▶ [Prompt] Skipping each picture, output the entries exactly as they stand below.

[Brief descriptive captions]
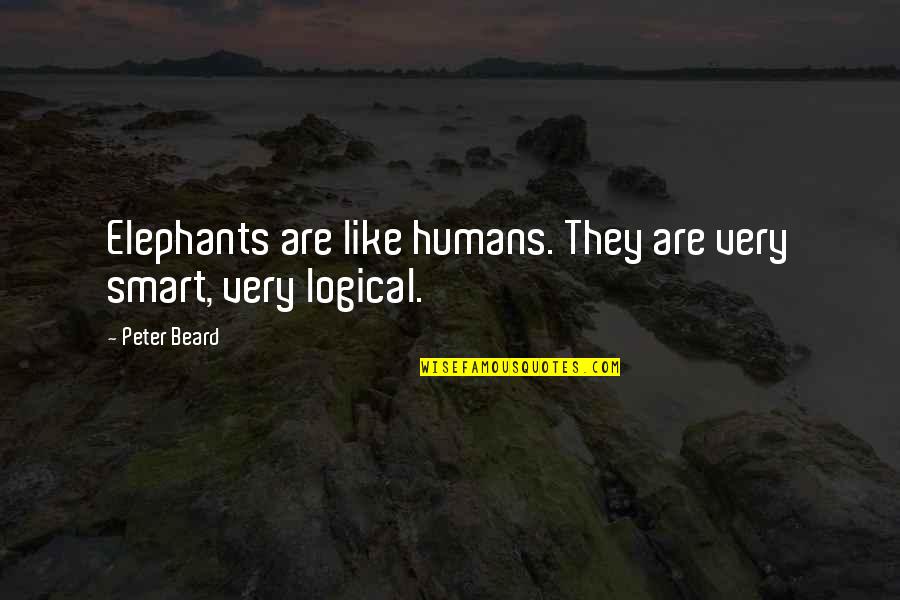 Things Not Being Easy But Worth It Quotes By Peter Beard: Elephants are like humans. They are very smart,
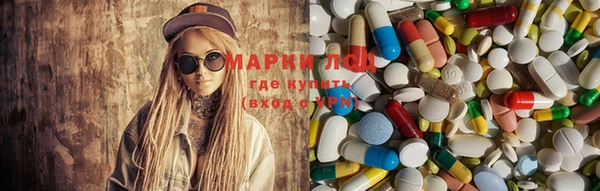 дмт Билибино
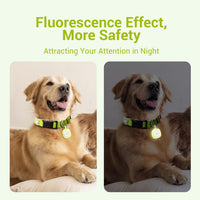 Pawaii Dog ID Tag, Silent Silicone QR Code Tag, Scan Alerts - Light Green - image 2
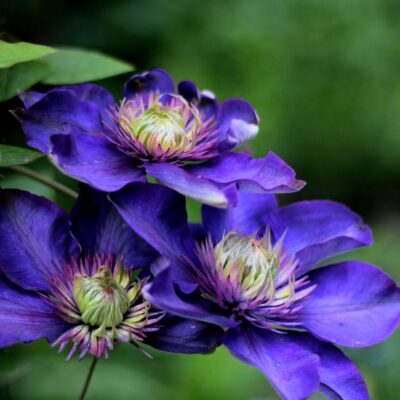 Секреты пышного цветения клематисов: 2 проверенных способа для вашего сада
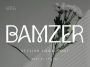 Bamzer Stylish Logo Font Free Download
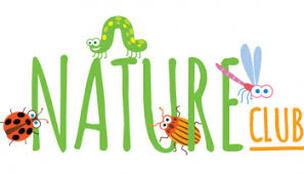 Nature Club activity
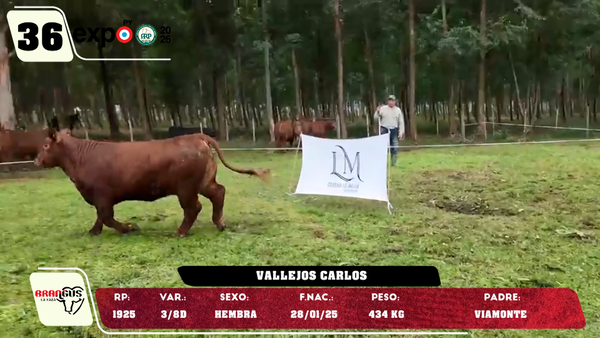 Lote LOTE 36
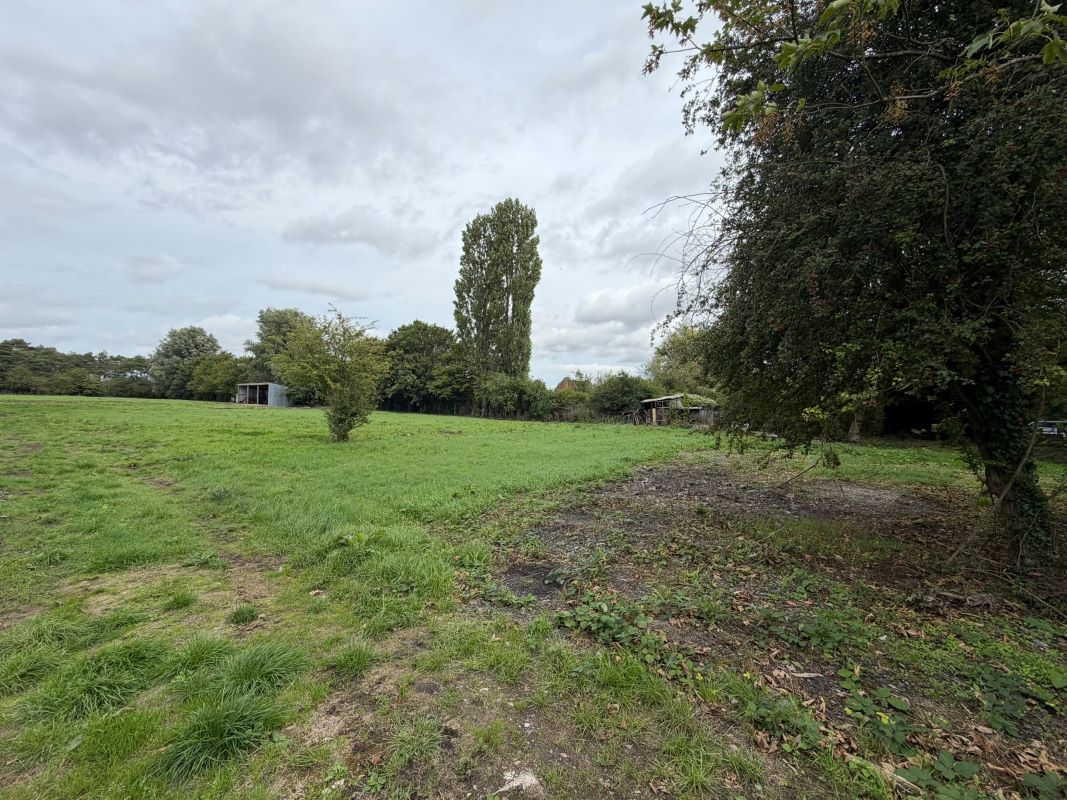 Lot Image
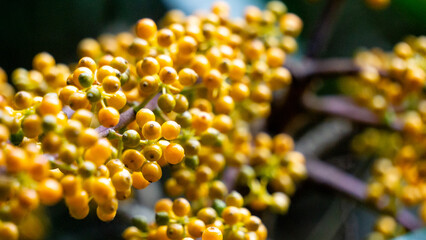 Heptapleurum arboricola (Schefflera arboricola, dwarf umbrella tree, ezhang tang, goose-sole vine, Schefflera arboricolum). The fruits are inedible to humans, but may be consumed birds, parrots etc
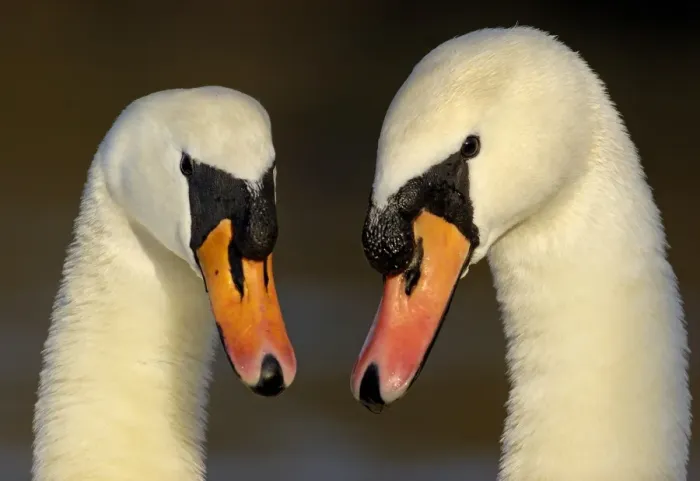 Framed Print : Mute Swan (Cygnus olor) adult pair, in courtship display, close-up of heads, Nottinghamshire, England, february Framed Print : Mute Swan (Cygnus olor) adult pair, in courtship display, close-up of heads, Nottinghamshire, England, february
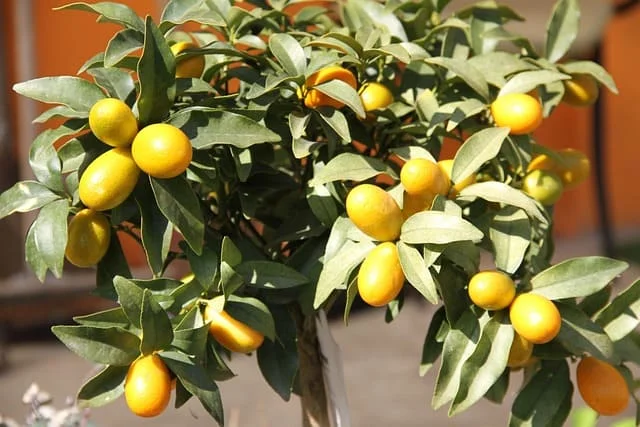 Le kumquat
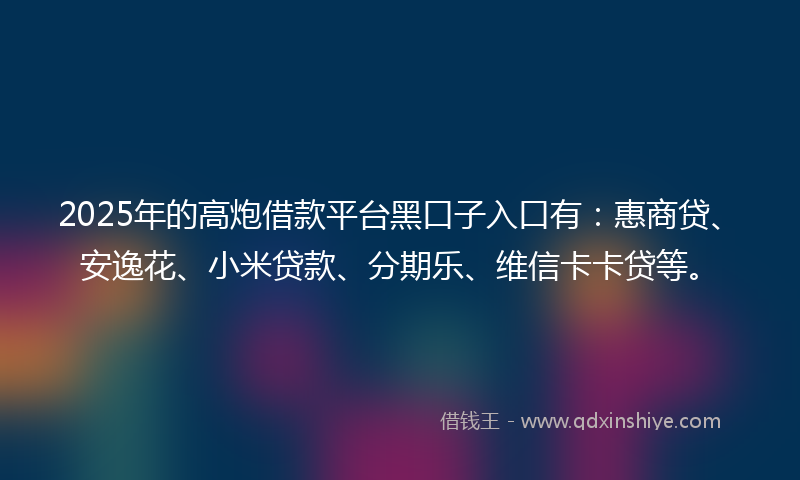 2025年的高炮借款平台黑口子入口有：惠商贷、安逸花、小米贷款、分期乐、维信卡卡贷等。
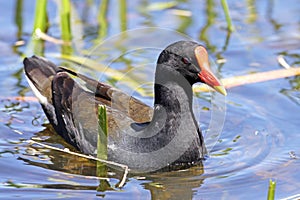 Common Moorhen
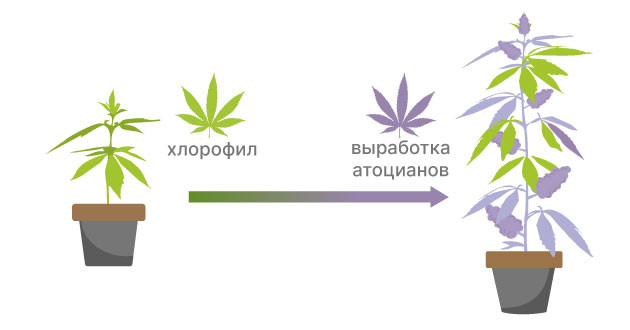 Причины появления фиолетового окраса конопли Выработка атоцианов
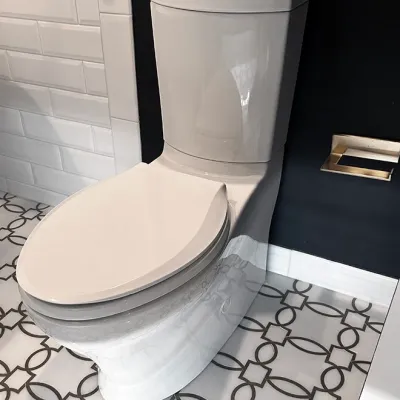 Sale Photo Thumbnail #177: Modern dual-flush ceramic toilet in a beige or light greige finish with a skirted base design.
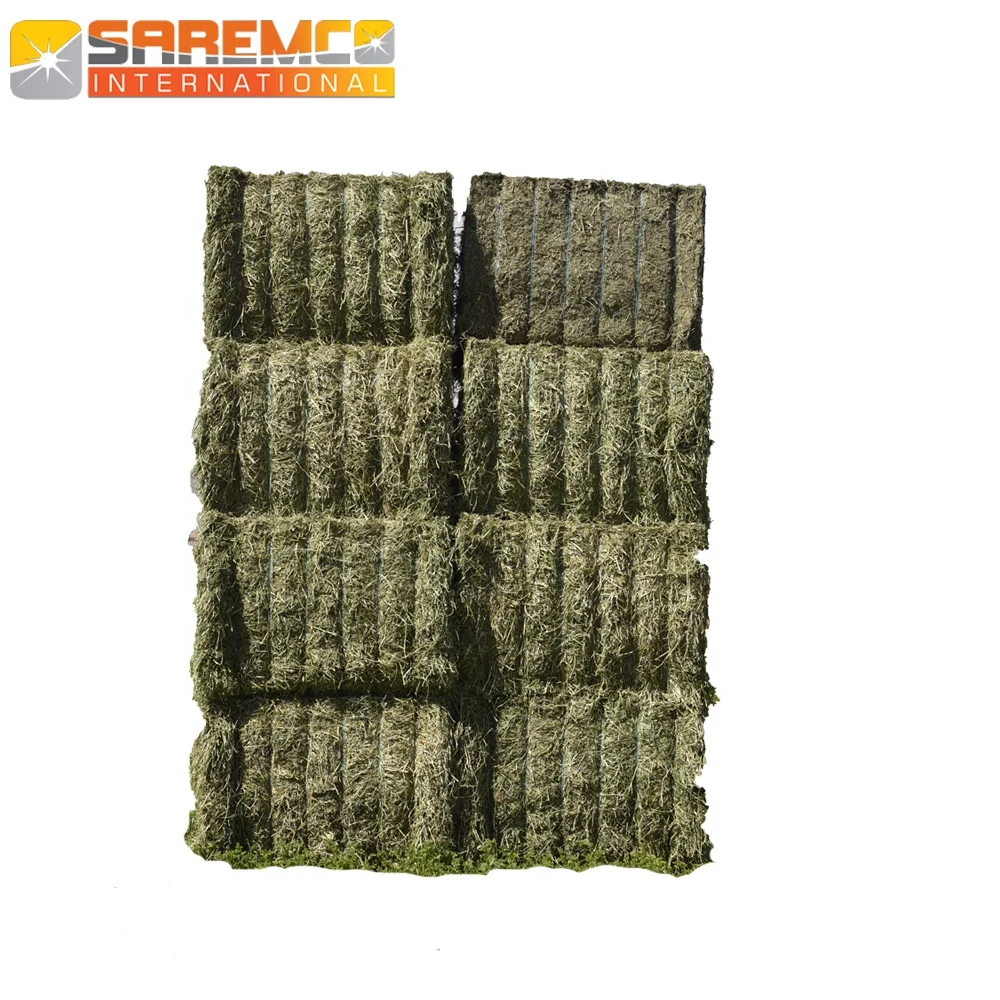 Prime quality rhodes grass hay bales with big and small double compressed bales with high  packing in containers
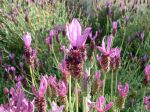 Fleur de Lavande papillon, Lavandula stoechas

▶ [Solution to the exercise]
 Things Not Being Easy But Worth It Quotes By Peter Beard: Elephants are like humans. They are very smart,
 дмт Билибино
 Pawaii Dog ID Tag, Silent Silicone QR Code Tag, Scan Alerts - Light Green - image 2
 Секреты пышного цветения клематисов: 2 проверенных способа для вашего сада
 Bamzer Stylish Logo Font Free Download
 Nature Club activity
 Lote LOTE 36
 Lot Image
 Heptapleurum arboricola (Schefflera arboricola, dwarf umbrella tree, ezhang tang, goose-sole vine, Schefflera arboricolum). The fruits are inedible to humans, but may be consumed birds, parrots etc
 Framed Print : Mute Swan (Cygnus olor) adult pair, in courtship display, close-up of heads, Nottinghamshire, England, february Framed Print : Mute Swan (Cygnus olor) adult pair, in courtship display, close-up of heads, Nottinghamshire, England, february
 Le kumquat
 2025年的高炮借款平台黑口子入口有：惠商贷、安逸花、小米贷款、分期乐、维信卡卡贷等。
 Common Moorhen
 Причины появления фиолетового окраса конопли Выработка атоцианов
 Sale Photo Thumbnail #177: Modern dual-flush ceramic toilet in a beige or light greige finish with a skirted base design.
 Prime quality rhodes grass hay bales with big and small double compressed bales with high  packing in containers
 Fleur de Lavande papillon, Lavandula stoechas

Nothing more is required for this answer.